## [Task description]
How do the lines below between the ones holding "Elgato Wave Desk" and "Size: 2000x2000 |", inclusive, read? Give them again exactly, with no other lines.

## [Record extracts]
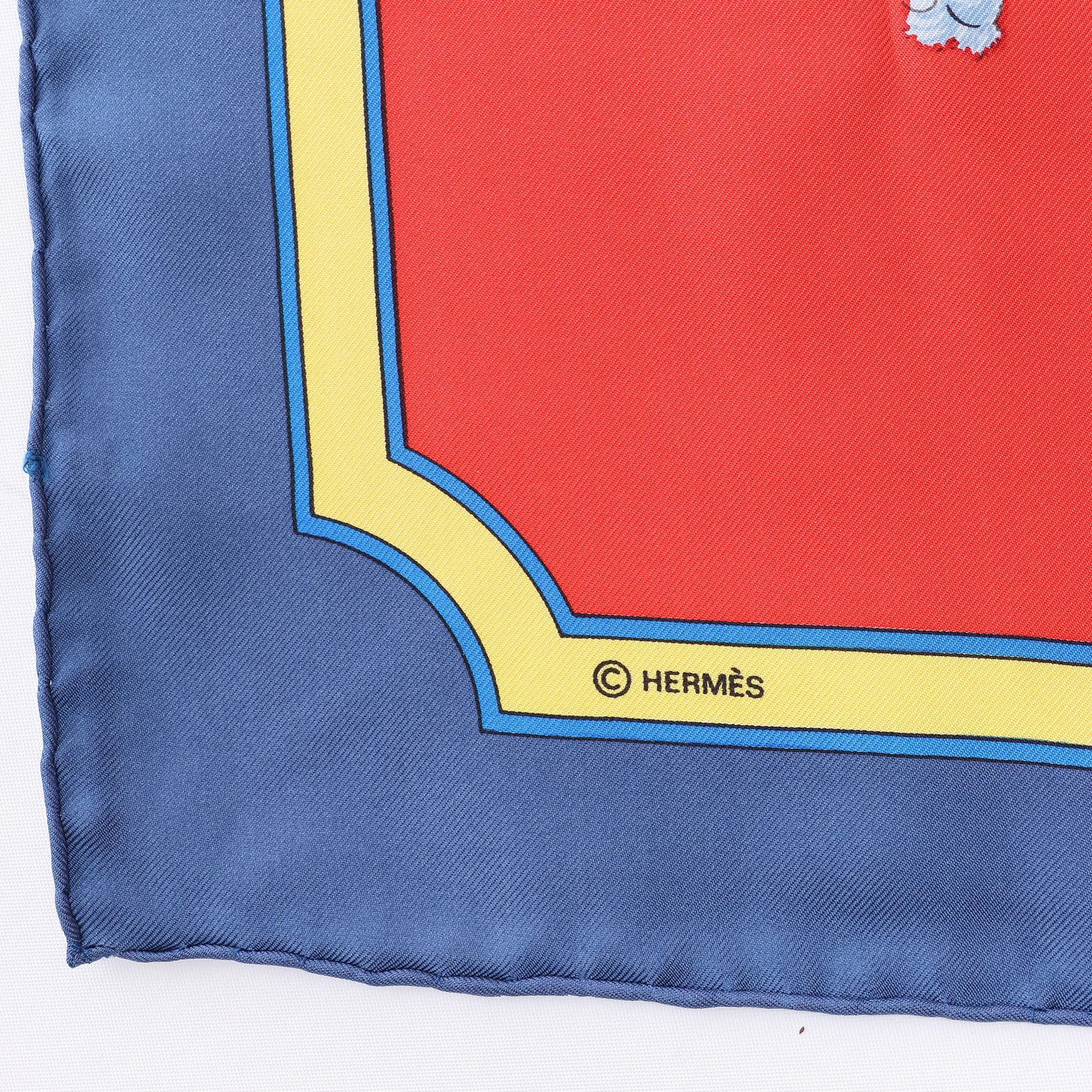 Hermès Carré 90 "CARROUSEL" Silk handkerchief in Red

---

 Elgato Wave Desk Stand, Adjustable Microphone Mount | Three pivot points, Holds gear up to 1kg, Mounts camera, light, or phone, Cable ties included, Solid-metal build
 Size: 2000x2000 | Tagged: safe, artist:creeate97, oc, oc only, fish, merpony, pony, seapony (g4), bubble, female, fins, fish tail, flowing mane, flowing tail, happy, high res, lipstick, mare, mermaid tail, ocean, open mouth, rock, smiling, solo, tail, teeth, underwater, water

## [Response]
 Elgato Wave Desk Stand, Adjustable Microphone Mount | Three pivot points, Holds gear up to 1kg, Mounts camera, light, or phone, Cable ties included, Solid-metal build
 Size: 2000x2000 | Tagged: safe, artist:creeate97, oc, oc only, fish, merpony, pony, seapony (g4), bubble, female, fins, fish tail, flowing mane, flowing tail, happy, high res, lipstick, mare, mermaid tail, ocean, open mouth, rock, smiling, solo, tail, teeth, underwater, water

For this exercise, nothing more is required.